BEGIN Data segment

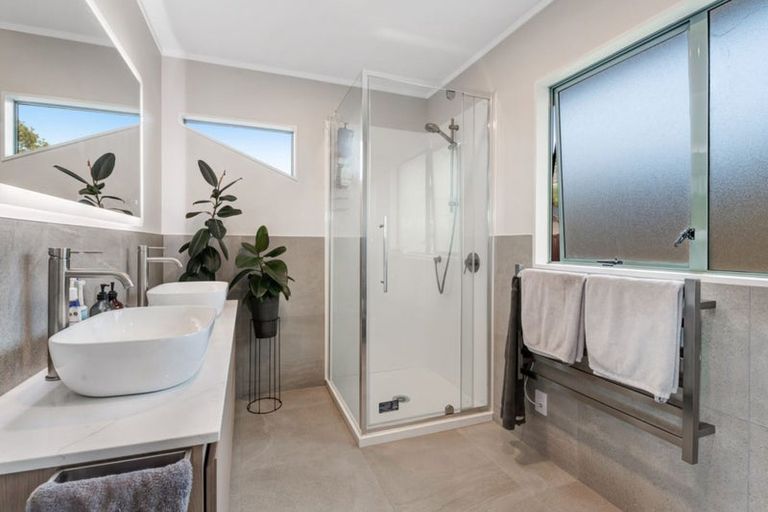 Photo of property in 24 Goldfinch Rise, Unsworth Heights, Auckland, 0632
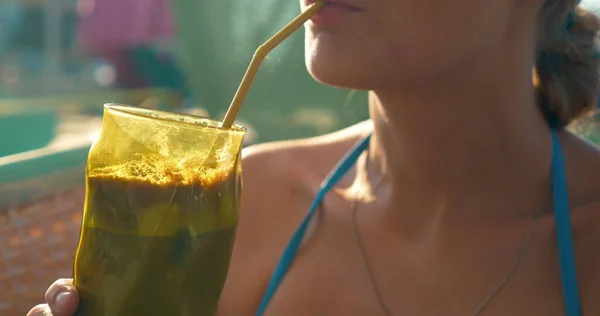 Mulher bebendo café gelado em dia quente — Fotografia de Stock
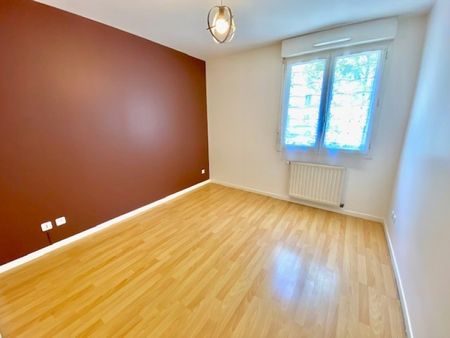 Jolie T3 rue Paul CAZENEUVE LYON 8 - Photo 4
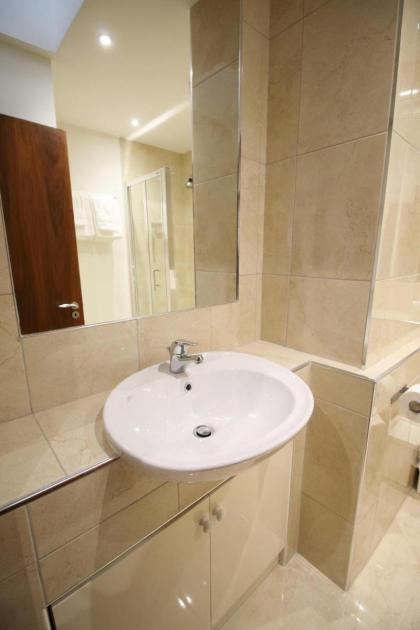 Parnell Boulevard Apartments - image 19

END Data segment

## Your objective
Nothing but the lines from the one containing "Mulher bebendo café" through the last line of the listing should be copied, each word for word and without pictures.

## Reply
 Mulher bebendo café gelado em dia quente — Fotografia de Stock
 Jolie T3 rue Paul CAZENEUVE LYON 8 - Photo 4
 Parnell Boulevard Apartments - image 19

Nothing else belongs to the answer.